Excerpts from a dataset
::::::
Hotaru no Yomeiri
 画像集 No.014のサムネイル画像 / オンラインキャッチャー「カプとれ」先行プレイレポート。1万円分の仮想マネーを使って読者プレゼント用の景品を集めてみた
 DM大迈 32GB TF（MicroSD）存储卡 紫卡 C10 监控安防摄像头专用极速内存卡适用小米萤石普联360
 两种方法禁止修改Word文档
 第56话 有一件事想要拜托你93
::::::
** What to produce **
Write out every entry once more, precisely as it stands.

** Exercise result **
Hotaru no Yomeiri
 画像集 No.014のサムネイル画像 / オンラインキャッチャー「カプとれ」先行プレイレポート。1万円分の仮想マネーを使って読者プレゼント用の景品を集めてみた
 DM大迈 32GB TF（MicroSD）存储卡 紫卡 C10 监控安防摄像头专用极速内存卡适用小米萤石普联360
 两种方法禁止修改Word文档
 第56话 有一件事想要拜托你93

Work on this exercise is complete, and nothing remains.